Emmanuel Macron a rappelé en Conseil des ministres que "c'était par l'écoute et non pas le caporalisme qu'il faut apporter une réponse aux interrogations qui ont été exprimées par ces parlementaires".
"Un seul article a continué de faire l'objet de débats (sur les interdictions administratives de manifester, ndlr) et a provoqué l'abstention de certains députés de la majorité", analyse-t-on à Matignon. "La discussion va se poursuivre au Sénat puis en deuxième lecture."
- "Fissure" -
Le ministre de l'Intérieur Christophe Castaner et le porte-parole du gouvernement Benjamin Griveaux donnent un point presse à l'Elysée, le 6 février 2019
AFP
Le record d'abstentions de "marcheurs" reste une surprise, même si "dès le départ il y avait des réticences" sur ce texte de droite, souligne un responsable LREM. En réunion de groupe, mardi matin, une dizaine de réfractaires se sont exprimés et ça a fait "boule de neige", selon plusieurs députés.
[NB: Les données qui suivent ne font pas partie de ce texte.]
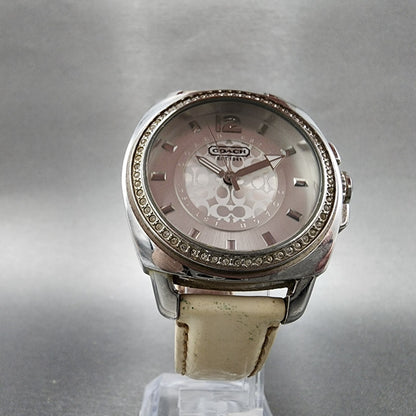 Coach Boyfriend Watch Women 38mm White Dial Steel Case Round New Battery4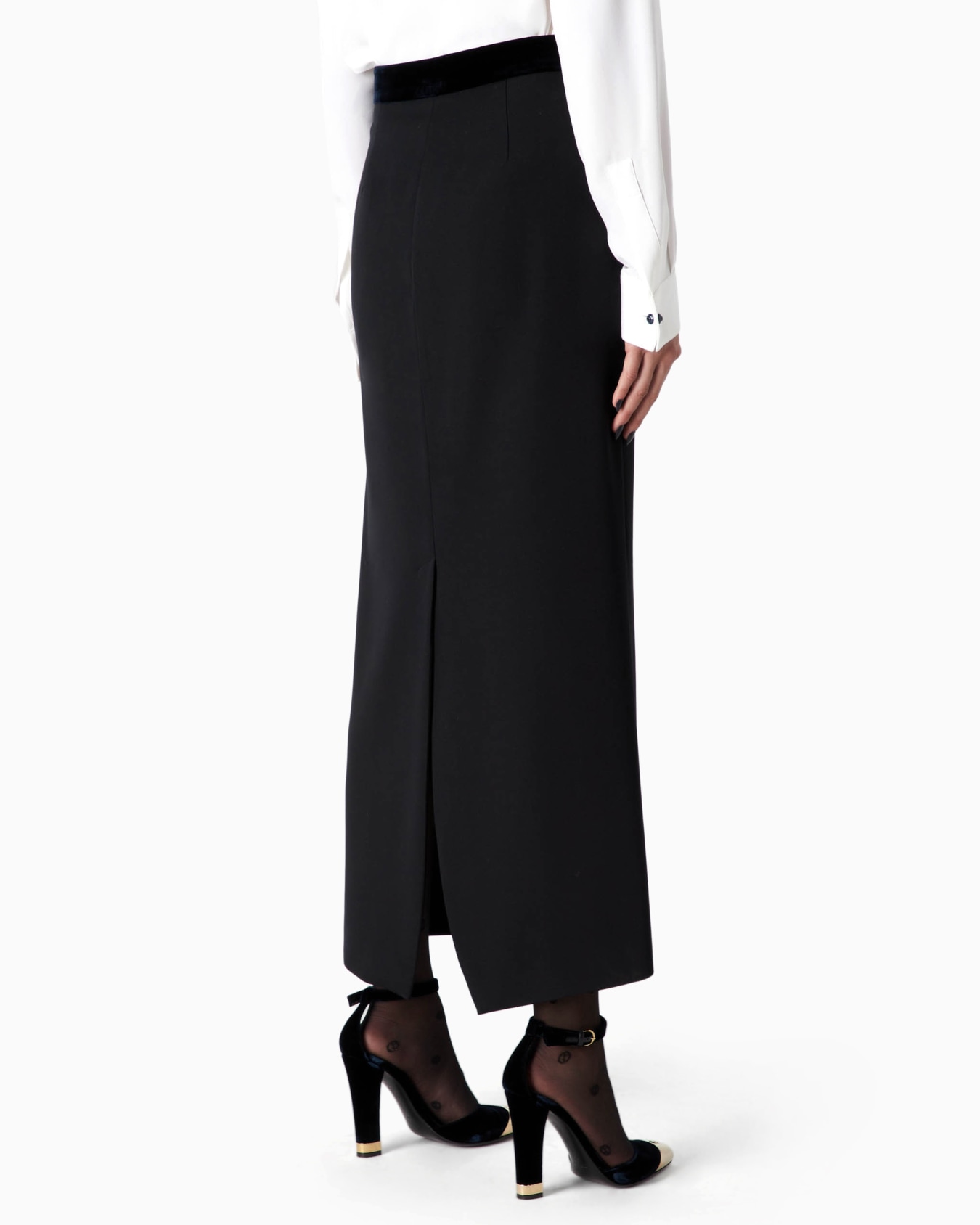Barathea wool and velvet midi skirt Slide 2
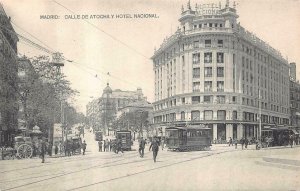 CALLE DE ATOCHA Y HOTEL NACIONAL MADRID SPAIN TROLLEY POSTCARD (c. 1910)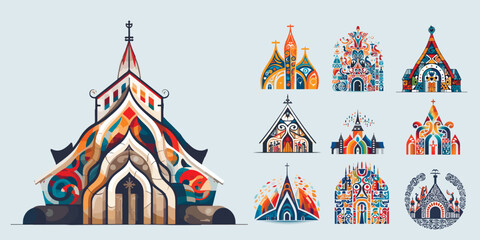 Vector ornamental traditional decorative church set illustration. Abstract historical mythology cabin logo. Good for print or tattoo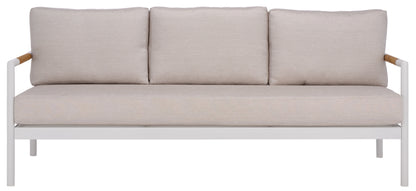 Chryssa Aluminum And Teak Patio Sofa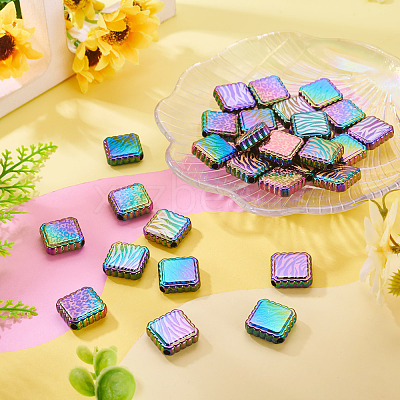 30Pcs Rainbow Iridescent Printed Opaque Acrylic Beads OACR-TA0001-73B-1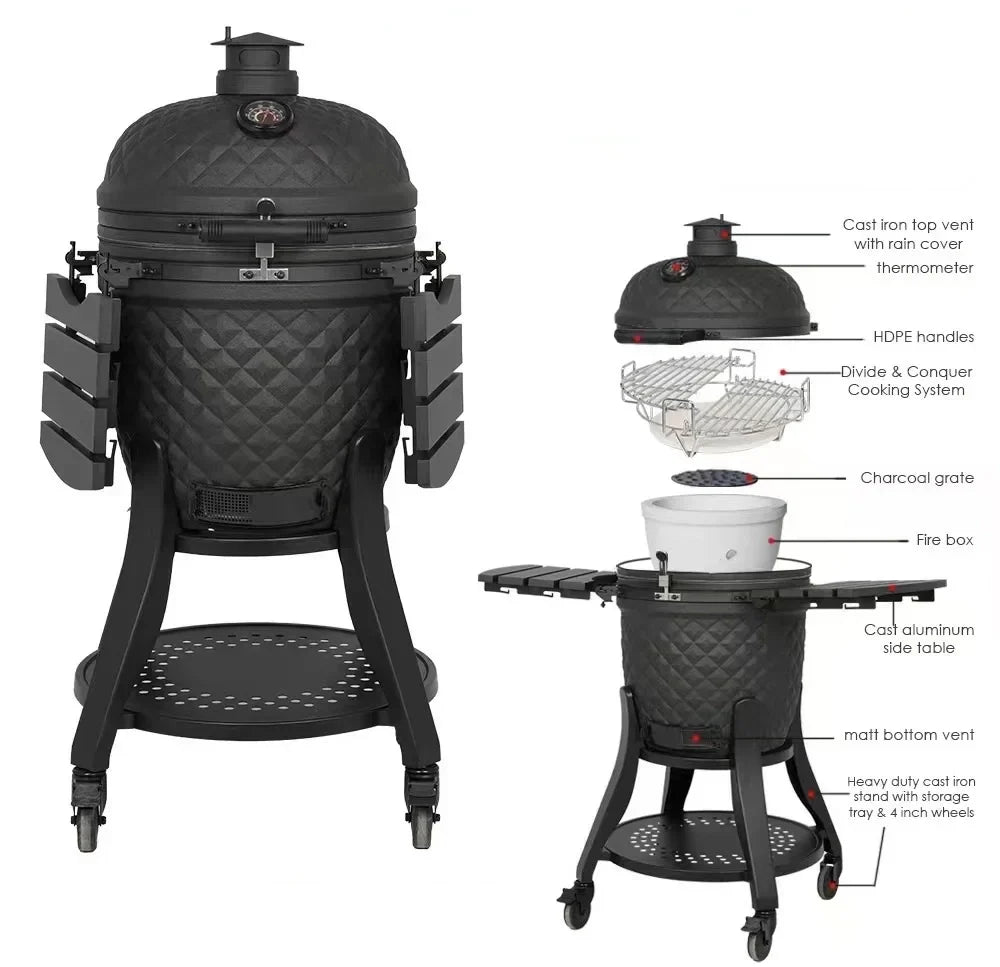 Gratar ceramic pe carbuni Kamado Premium Ultra 22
Au bout du compte, les 50 sont un "conglomérat" sans "structure logique", relèvent des sources parlementaires: le vice-président de l'Assemblée Hugues Renson, l'écologiste Barbara Pompili, Aurélien Taché qui "joue une carte personnelle", et encore Sonia Krimi ou Martine Wonner, "des personnalités singulières" en pointe déjà sur la loi asile-immigration.
S'agit-il d'un nouveau courant, d'un début de fracture, accentuée par le départ de Matthieu Orphelin ? Les abstentionnistes récusent toute "fronde".
Depuis juin 2017, "on a acquis une expérience, on fait peut-être un peu plus de politique", dit aussi Caroline Janvier, l'une d'entre eux.
Les oppositions se sont engouffrées dans la brèche, des élus de gauche pointant une majorité qui se "fissure", tandis qu'à droite on raillait un groupe dont le "seul point commun" est Emmanuel Macron.
Sur son blog, le chef de file des Insoumis Jean-Luc Mélenchon voit "une faille très productive". Les abstentionnistes "ont affaibli leur camp", mais ne sont pas allés au bout, "syndrome bien connu des frondeurs: trop et pas assez à la fois".
A droite, une source LR considère que Gilles Le Gendre, "ne tient pas ses troupes".
Matthieu Orphelin va-t-il être suivi par des "marcheurs"? Bruno Questel, vice-président des députés LREM, prévient: "Mes collègues sont libres. Mais il ne faut pas oublier d'où on vient" et "qu'on avait tous Emmanuel Macron sur nos affiches lorsque nous avons été candidats".